Galatasaray bu yenilgiden ders alır mı bilmem ama Beşiktaş almalı! En başta da Abdullah hoca... Bu takım kendi yarı sahasında top çevirerek beklemez, bekleyemez. Bu durum her şeyden önce genlerine aykırı. İşte dün transfer şampiyonu Galatasaray karşısındaki manzarayı gördük. Öne oynayan Beşiktaş hem karşı kalede çok pozisyon buldu, hem kendisi pozisyon bulmadı. Hikaye bu kadar basit; Beşiktaş öne oynamalı. En önde gencecik Umut var ve sağ-sol kanattaki Lens'le Diaby'de hiç icraat yok. Buna rağmen her topa vurdu Umut, kimine iyi vurdu, kimine kötü ama vurdu. Caner haftalardır bu takımın en iyisi ama işler kötü gidince o da yuhalanmıştı. Dün yine muhteşem bir orta yaptı ve golü attırdı. Ligin asist kralı olacak vesselam. Beşiktaş muhteşem oynadı.

Levent Tüzemen- Yüreği olan kazandı

Beşiktaş mücadele ve fizik güç olarak çok üstündü. . Maç boyu sahanın her yerine basan, golü kovalayan Umut Nayır, Türkiye'nin en iyi orta yapan oyuncusu Caner'in ön direğe kestiği topu mükemmel bir kafa vuruşu ile ağlara yolladı..

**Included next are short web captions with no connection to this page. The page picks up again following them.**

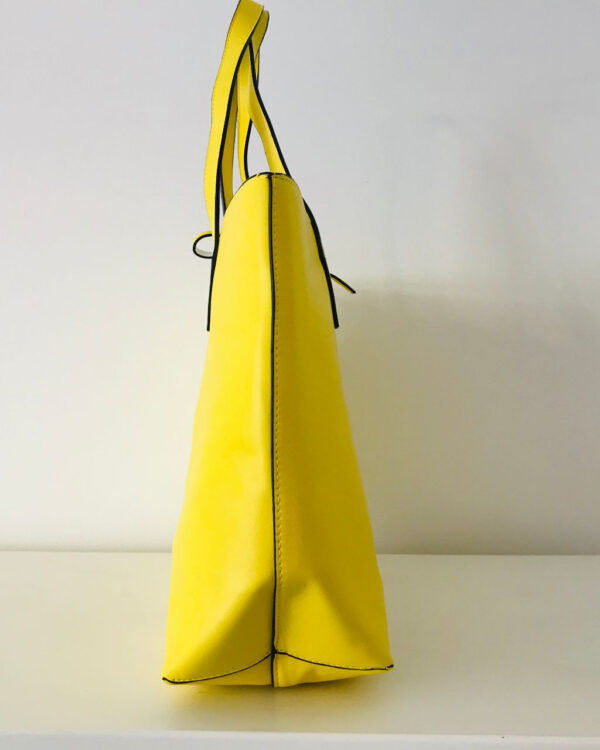 Borsa donna shopping limone o arancio "Via Roma"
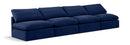 Indulge - Velvet 4 Seat Modular Armless Sofa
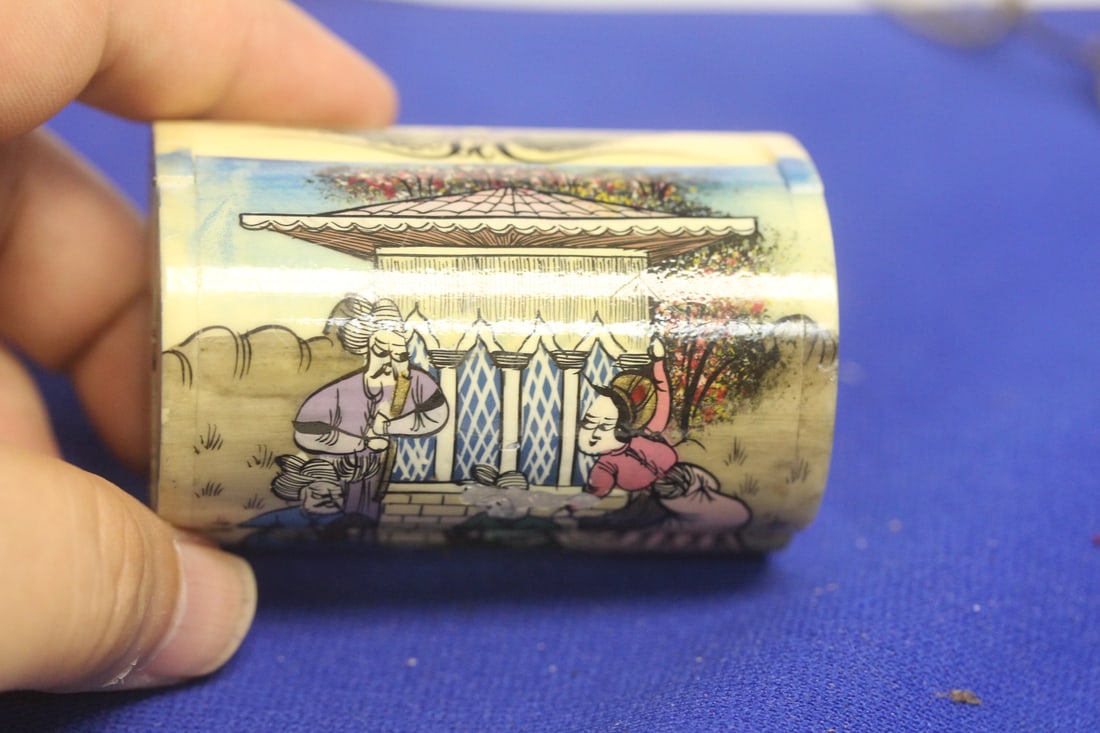 India Bone Hand Painted Box - 5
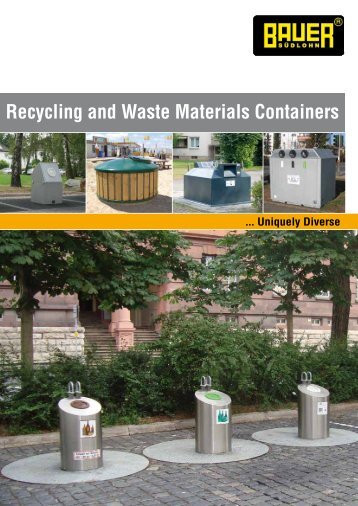 Recycling and Waste Materials Containers - Bauer Gmbh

Erman Toroğlu - Umutlar yeşerdi

Beşiktaş'a... Kulübü maddi açıdan çok kötü bırakıp kaçan bir Başkan, yeni gelen bir yönetim, dibi görünmeyen borç batağındaki bir kulüp, idam sehpasına çıkmış bir teknik direktör Abdullah Avcı ve karşılarında G.Saray takımı.. Siyah-beyazlılar maçın genelinde G.Saray'a göre daha doğru top oynadılar. Ne oynadığı belli olmayan G.Saray karşısında, ne oynamak istediğini bilen bir Beşiktaş vardı..  Doğru defans yaptılar, doğru hücum yaptılar; çok çalıştılar, çok koştular. Ve analarının ak sütü gibi helal bir üç puan kazandılar. Bu maç, Beşiktaş'taki teknik direktör krizine bayağı bir pansuman oldu. Yani Abdullah Avcı ile devam edilirse, ileride bir şeyler olabileceği görünmeye başladı. Abdullah Avcı'nın Umut'u neden tercih ettiği bu maçta net şekilde görüldü.. Luyindama ve Marcao ile çok mücadelede etti, onların oyuna katkı vermelerinin önünü kesti, ikisini de oyuna sokmadı ve bu ikilinin hatasından bir de gol attı. Hem kendini kurtardı, hem Beşiktaş'ı, hem de Abdullah Avcı'yı.